Back in the late 1990s and early 2000s, I tinkered around with Linux open source operating system (OS) because I wanted an UNIX based system and I had an extra desktop computer. Getting the darn thing to install was a labour of love. There’s always something missing (like a driver for a sound card) to prevent me from making a perfect installation. It definitely requires geek skills and it’s not intuitive to use.
There’s a perception that Linux is not industrial strength when it is compared to the likes of Sun UNIX, IBM UNIX, Windows NT and etc. Few people outside of the Linux community know how good it is until the creation of Apache web server. During the dot-com craze, everyone wanted a website and many web hosting companies turned to Linux and Apache combination because they are free and they can run on a common Intel’s x86 based machine. In addition, Apache web server allows multiple websites to host on a single server. This ability lowers the number of machines a web hosting company has to buy and manage. During this period, it showed that it’s up to the task. Another big vote of confidence for Linux was when major database vendors started porting their enterprise database systems to it.

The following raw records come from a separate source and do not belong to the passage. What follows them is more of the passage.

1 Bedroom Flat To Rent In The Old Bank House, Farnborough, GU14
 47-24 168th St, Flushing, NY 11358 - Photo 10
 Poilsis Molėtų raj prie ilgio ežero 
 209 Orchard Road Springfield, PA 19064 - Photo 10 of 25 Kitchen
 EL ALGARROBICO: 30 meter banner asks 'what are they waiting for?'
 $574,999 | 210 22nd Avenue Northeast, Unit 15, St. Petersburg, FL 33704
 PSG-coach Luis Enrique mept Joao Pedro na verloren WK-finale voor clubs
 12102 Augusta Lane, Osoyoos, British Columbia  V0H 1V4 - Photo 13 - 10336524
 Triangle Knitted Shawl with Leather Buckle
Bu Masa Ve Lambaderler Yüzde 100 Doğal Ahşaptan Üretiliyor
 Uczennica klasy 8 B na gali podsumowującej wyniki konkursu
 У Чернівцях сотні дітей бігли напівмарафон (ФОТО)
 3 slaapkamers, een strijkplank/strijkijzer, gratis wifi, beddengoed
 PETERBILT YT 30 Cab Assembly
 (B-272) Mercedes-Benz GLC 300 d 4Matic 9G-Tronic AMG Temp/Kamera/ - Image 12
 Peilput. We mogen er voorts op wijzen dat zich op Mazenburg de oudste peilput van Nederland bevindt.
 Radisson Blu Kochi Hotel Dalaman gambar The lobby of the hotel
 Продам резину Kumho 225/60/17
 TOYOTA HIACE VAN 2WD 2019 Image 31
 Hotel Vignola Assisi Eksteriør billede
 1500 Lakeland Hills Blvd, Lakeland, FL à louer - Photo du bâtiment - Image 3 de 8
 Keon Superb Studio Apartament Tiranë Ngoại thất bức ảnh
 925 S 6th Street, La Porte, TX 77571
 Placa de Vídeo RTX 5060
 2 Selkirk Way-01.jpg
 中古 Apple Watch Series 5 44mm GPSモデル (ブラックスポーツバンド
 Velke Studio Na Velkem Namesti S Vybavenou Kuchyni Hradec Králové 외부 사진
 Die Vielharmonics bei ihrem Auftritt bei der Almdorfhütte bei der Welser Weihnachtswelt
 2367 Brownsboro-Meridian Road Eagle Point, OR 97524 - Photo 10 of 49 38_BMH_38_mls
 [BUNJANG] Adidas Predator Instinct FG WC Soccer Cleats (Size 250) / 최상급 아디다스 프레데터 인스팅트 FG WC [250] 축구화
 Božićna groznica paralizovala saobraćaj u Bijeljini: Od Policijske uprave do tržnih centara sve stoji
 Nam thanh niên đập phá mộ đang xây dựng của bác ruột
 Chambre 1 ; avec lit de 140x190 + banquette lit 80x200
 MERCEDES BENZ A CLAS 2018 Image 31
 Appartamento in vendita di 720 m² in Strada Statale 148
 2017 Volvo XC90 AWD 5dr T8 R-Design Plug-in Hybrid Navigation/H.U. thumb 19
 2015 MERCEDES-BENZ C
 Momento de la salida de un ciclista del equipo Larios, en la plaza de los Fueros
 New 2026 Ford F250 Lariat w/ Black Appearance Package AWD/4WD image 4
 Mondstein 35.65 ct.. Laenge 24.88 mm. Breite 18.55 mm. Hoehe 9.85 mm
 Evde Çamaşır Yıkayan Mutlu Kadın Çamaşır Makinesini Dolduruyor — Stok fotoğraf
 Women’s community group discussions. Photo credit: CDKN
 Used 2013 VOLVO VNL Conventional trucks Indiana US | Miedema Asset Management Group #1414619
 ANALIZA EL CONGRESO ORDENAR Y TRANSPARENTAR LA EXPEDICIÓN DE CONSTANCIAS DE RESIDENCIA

The next break for Linux was when Google decided to build Android OS (the OS was initially developed by Android Inc. that was supported and then bought by Google) on the Linux kernel. Android gave Linux a wonderful user interface. Android OS was released in 2007 and the first computing device HTC Dream smartphone was released in the Fall of 2008. Since then, there are numerous versions of Android OS using various Linux versions. With each new version, the user experience kept on improving.
Where Is Linux Now?
Since 2008, 7 out of 10 largest smartphone makers use Android OS in their mobile computing devices. As of 2012, Q4, 50 million new Android devices are sold per month. It’s projected that Android OS install base will surpass Windows’ 1.25 billion install devices by Q3 of 2013. This is lightning fast given that it took about 30 years of Windows to established their install base. Above source : TomiAhonen Consulting
The desktop market is flat or shrinking because among other reasons, not everyone need all the power and features. It’s unlikely Windows’ install base will grow at the same pace as Android. A personal experience, I got a tablet for my mom instead of a laptop because it’s easier to use, more robust and does what she wanted – do Facebook, take photos and read emails.
Mobile computing continues to growing rapidly in every corner of the world and Linux is playing a big part in it. The introduction of Tizen (another open source OS using Linux) will further strengthen its role in shaping the landscape of computing. There are many other Linux based mobile OSes popping up as well. It’s an exciting time for Linux and open source.
Back in the late 1990s and early 2000s, who would have thought that Linux would play a big role in our computing lives now (and beyond). Think about it, there will be over a billion Linux base computing devices by the end of 2013. It’s amazing.